### What is required
With pictures removed, the data below should be returned exactly.
-------- Supplied information
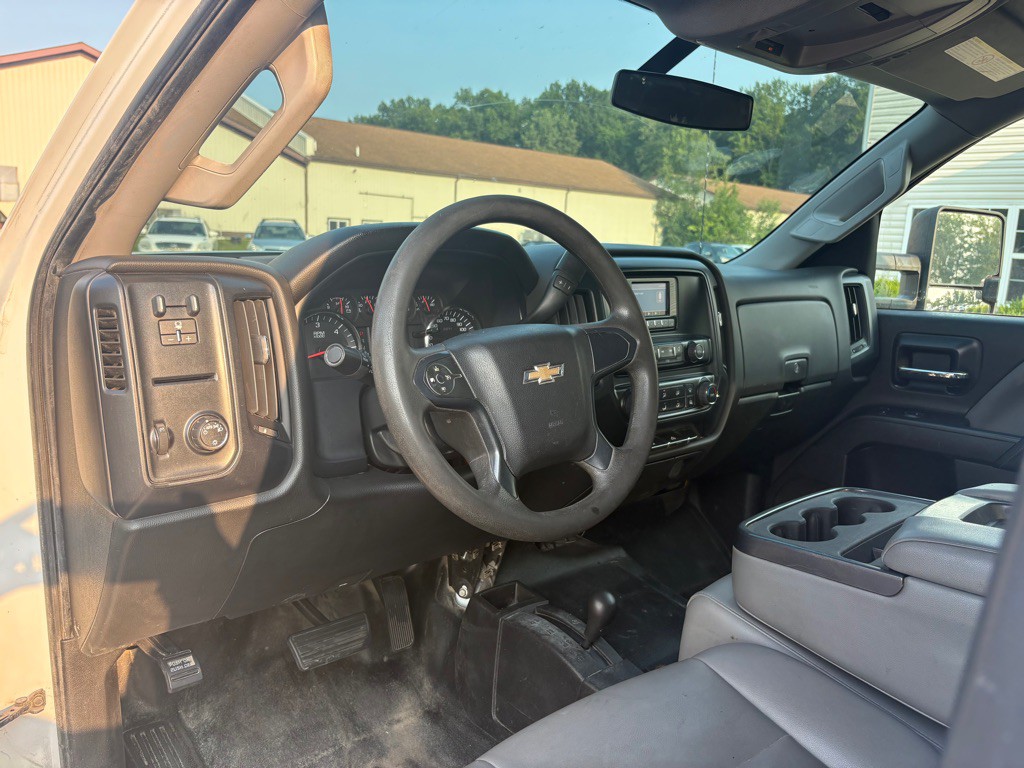 2015 Chevrolet Silverado 1500 Image 13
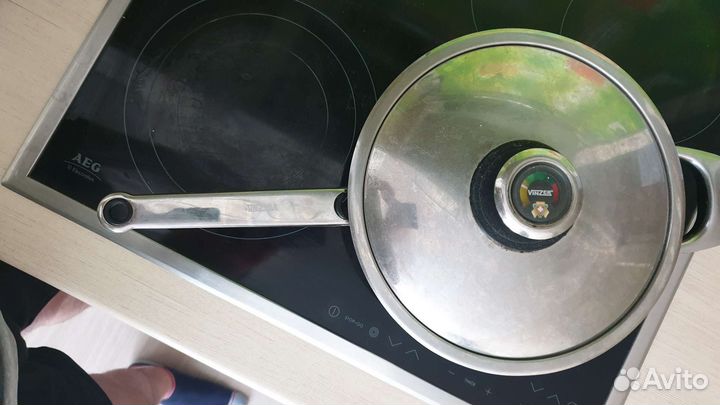 Сковорода vinzer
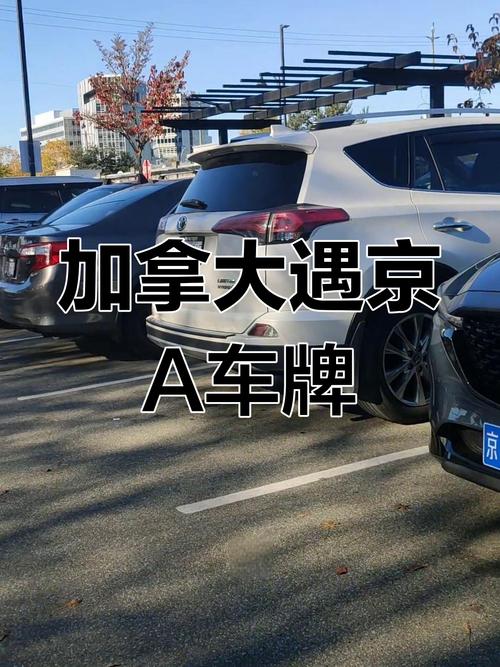 北京车牌五连号惊现网红圈，车牌魅力引热议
----------------
### Output of the task
 2015 Chevrolet Silverado 1500 Image 13
 Сковорода vinzer
 北京车牌五连号惊现网红圈，车牌魅力引热议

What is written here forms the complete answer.